Alexa can be a bit of a blabbermouth sometimes.
It’s pretty well-understood by now that using IoT tech like an Amazon Echo carries with it certain risks. To use a device with Alexa compatibility is to give it access to private information, including addresses, banking info, and account passwords. Amazon has done a pretty good job of keeping things ship-shape, but no algorithm is perfect, and whenever there’s an imperfection, unsavory sorts worm they way in.
According to a report released yesterday by security firm Check Point, devices that utilized Amazon’s Alexa assistant were at risk of having their device hijacked by hackers until recently. As the report lays it out, a hypothetical hacker would first generate a malicious link disguised as a simple Amazon link and send it out to their potential victims. If someone were to click on this malicious link, the hacker would gain access to an associated Alexa’s list of “skills,” or the various phrases that Alexa recognizes and responds to. The hacker could then delete a common phrase and action combo and replace it with an attack app that siphons information. The next time the victim attempts to activate that particular function in Alexa, the hacker’s attack app would be activated instead and begin stealing data. In addition to accessing Alexa’s skills, the hacker would also gain access to Alexa’s command log, which records anything the user has said, which could contain sensitive information.

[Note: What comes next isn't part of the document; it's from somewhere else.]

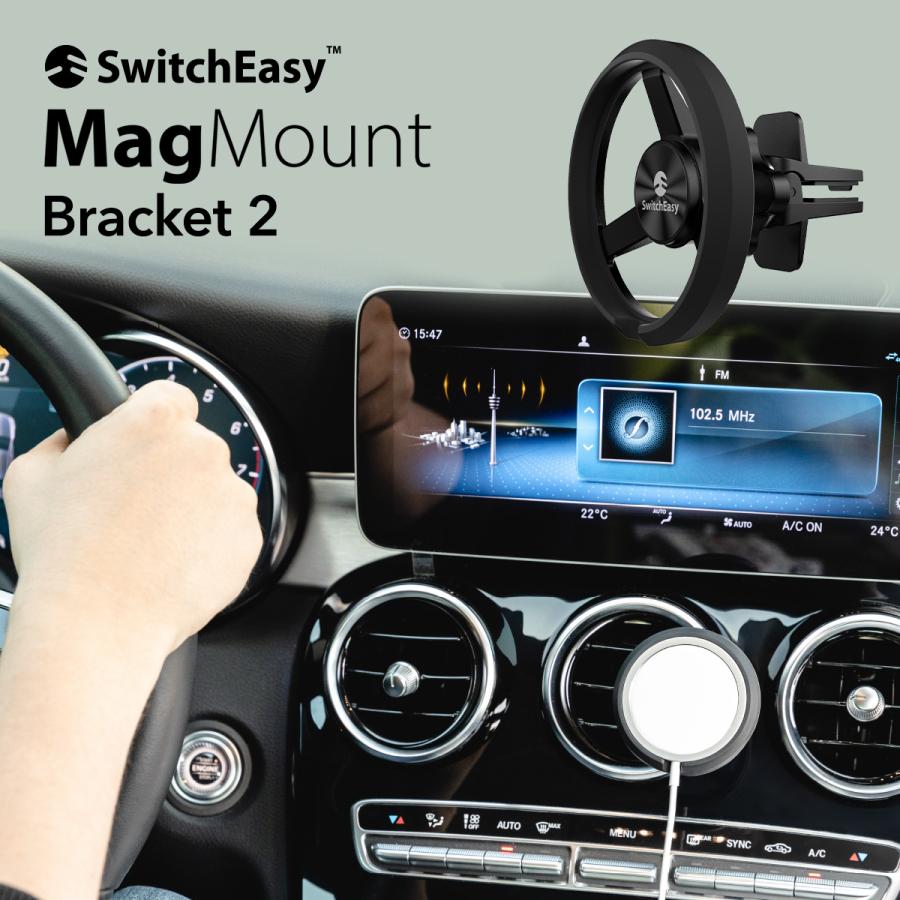 Magsafe 車載 スマホスタンド Magsafe 対応 マグネット 車 エアコン 丸型 クリップ式 スマホ 車載ホルダー Magsafe充電器 マグセーフ 対応 Switcheasy Magmount Se Mscstmgm2 Comwap 通販 Yahoo ショッピング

Thankfully, this flaw has already been dealt with. Check Point reported its existence to Amazon back in June, and it was swiftly patched.
“The security of our devices is a top priority, and we appreciate the work of independent researchers like Check Point who bring potential issues to us,” an Amazon spokesperson told The Hill. “We fixed this issue soon after it was brought to our attention, and we continue to further strengthen our systems. We are not aware of any cases of this vulnerability being used against our customers or of any customer information being exposed.”
Though the danger has passed, experts are still warning smart device users to be vigilant and careful with how they handle their data. As technology evolves, hacking evolves along with it, so make sure you’re on top of the latest fixes and patches.